Tuesday, November 4, 2008

Election Day: Precinct Report

Early voting in Maryland
means getting up early

Turning into the long drive toward my precinct's polling place at Chesapeake Bay Middle School near dawn, you had to wonder if it was Election Day: Just two ground-level signs were in place, one of them opposing passage of a constitutional amendment on slot machine gambling, the other for costume sales at a local party store.

Halloween was over, but the election in fact was in full swing – minus the usual crush of signs and the bustle of electioneering. There were plenty of voters, more than 60 of them lined up by the time the polling place opened for business at 7 a.m., and a steady flow of more arriving.

“I’m one of the 33 percent of voters in this state whose vote doesn’t count,” said Jerry Zazzera, referring to Maryland's Republican minority and waiting with his wife, Angie, to cast ballots and get the election over with. Unlike most of the early-risers, they were not heading right off to work afterward, but to a vacation.

“We want to relax now,” Angie said after they had voted, a CD at the ready in their SUV, in place of the political talk shows for a while.

“Our intention is not to listen to any of this throughout the day,” Jerry said.

Not that he was ready to abandon political talk entirely – first sharing his conservative-leaning views including that the Republican Party “empowers people to get out there and be anything they want to be,” while the Democrats, with “this whole redistribution thing” on wealth, “you take the spirit out of people for wanting to succeed.”

“Freedom is so precious to me – I served 11 years in the service,” he continued. “I feel Obama will castrate the military.”

On the Iraq war? “My view on Iraq is we have planted a seed that people in surrounding countries can see.”

There were probably a few Democrat-leaning voters in the growing line, but finding them became impossible when my interviewing was halted by the polling place’s chief election judge as improper on the premises (not that I was telling people whom to vote for), and who wanted to know who I was – and when he found that I was a blogger, declared, “Then you have no status.”

Well, I was at least a voter. And I got the deed done by 7:10 a.m., and was out the door.

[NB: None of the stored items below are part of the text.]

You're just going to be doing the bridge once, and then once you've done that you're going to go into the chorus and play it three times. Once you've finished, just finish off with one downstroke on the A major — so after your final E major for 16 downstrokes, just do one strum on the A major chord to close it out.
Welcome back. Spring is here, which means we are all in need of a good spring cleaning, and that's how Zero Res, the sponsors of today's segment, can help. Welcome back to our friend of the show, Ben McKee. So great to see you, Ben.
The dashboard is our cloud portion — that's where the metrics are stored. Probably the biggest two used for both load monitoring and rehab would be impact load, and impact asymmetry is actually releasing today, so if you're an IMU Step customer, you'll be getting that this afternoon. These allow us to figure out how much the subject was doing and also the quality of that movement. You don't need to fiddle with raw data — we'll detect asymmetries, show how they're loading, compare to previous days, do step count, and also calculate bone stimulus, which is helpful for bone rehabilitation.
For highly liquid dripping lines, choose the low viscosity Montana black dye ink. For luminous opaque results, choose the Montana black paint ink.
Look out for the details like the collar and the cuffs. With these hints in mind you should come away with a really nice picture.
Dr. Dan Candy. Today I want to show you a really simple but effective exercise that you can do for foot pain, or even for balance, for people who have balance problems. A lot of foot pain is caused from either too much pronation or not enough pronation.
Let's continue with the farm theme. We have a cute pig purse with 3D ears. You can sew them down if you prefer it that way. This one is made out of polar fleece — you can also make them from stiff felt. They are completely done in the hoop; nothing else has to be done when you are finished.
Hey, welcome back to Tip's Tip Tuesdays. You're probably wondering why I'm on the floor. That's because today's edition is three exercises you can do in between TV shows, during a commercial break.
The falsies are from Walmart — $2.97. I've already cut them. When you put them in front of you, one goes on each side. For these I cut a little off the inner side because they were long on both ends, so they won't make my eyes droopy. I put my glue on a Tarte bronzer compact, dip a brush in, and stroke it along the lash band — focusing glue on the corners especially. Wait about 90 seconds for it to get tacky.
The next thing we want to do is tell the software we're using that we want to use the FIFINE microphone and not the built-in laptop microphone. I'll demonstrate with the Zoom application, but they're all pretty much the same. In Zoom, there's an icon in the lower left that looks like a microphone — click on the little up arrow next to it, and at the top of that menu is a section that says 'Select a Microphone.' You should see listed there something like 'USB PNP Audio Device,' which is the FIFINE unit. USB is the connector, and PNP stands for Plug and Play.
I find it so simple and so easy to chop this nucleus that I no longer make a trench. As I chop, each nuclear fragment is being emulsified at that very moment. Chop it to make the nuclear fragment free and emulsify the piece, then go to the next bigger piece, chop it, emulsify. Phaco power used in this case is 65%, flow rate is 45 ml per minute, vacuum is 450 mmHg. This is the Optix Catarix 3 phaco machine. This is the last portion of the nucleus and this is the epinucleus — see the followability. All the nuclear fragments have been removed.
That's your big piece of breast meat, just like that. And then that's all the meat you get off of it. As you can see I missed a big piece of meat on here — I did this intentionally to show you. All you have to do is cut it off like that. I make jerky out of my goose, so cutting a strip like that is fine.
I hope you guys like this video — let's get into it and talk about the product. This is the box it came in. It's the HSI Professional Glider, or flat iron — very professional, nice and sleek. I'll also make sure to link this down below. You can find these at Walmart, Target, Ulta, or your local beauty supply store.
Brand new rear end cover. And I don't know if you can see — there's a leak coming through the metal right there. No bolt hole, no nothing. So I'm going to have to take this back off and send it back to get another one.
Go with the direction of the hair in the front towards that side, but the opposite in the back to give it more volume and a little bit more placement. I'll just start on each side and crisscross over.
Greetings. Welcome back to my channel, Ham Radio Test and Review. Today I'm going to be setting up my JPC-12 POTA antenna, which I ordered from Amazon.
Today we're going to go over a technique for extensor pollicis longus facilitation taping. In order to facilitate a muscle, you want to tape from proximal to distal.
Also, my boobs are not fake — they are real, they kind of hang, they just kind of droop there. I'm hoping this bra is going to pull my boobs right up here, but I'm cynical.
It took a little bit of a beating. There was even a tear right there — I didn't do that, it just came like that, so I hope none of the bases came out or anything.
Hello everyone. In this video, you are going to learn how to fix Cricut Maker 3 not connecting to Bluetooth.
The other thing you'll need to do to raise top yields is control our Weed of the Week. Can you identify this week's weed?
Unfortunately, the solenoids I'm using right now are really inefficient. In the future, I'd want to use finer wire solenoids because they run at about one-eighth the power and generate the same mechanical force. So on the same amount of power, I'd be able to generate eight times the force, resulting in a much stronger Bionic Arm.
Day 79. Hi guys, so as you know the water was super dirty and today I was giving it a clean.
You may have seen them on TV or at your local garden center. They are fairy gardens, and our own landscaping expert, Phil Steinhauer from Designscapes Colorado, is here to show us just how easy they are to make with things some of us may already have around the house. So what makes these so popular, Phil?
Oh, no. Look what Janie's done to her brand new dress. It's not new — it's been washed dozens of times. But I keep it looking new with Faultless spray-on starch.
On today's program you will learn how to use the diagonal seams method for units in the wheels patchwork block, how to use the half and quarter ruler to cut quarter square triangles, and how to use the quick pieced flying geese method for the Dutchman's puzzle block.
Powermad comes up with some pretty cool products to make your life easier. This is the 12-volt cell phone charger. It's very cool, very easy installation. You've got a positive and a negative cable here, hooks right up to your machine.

By the time I was leaving the first electioneers had arrived at the perimeter spot where the closest politicking and signs are permitted – one of them, Maryland State Teachers Association employee Maura Taylor, promoting a “yes” vote on slots gambling that would ostensibly support education funding, and for Democrat Frank Kratovil for the area’s First District congressional seat.

“I’ve never been to a polling place that didn’t have 20 people standing out front,” Taylor said of the dearth of electioneers, and holding a pile of slots and Kratovil brochures in her hand.

Next to her, the lone electioneer for Republican Andy Harris had arrived and set up her signs, which included one for McCain/Palin .

The neighborhood is part of an oddly-shaped district carved out after the 2000 Census to bundle up many of Maryland’s Republicans. In the primary, the conservative state senator Harris bumped off moderate longtime GOP incumbent Wayne Gilchrest, who late in the general election campaign gave his anticipated blessing to Democrat Kratovil.

That has made the district’s congressional race the most-watched among the eight in Maryland this year.

Demographically, it looked whiter than the southern Appalachian towns from my recent two-week road trip. Among the first hundred voters, I did not see one person of color turning up at my precinct -- although the judges on duty included one who was African American.

I have a feeling that, at least in this district, I'm in the minority, too.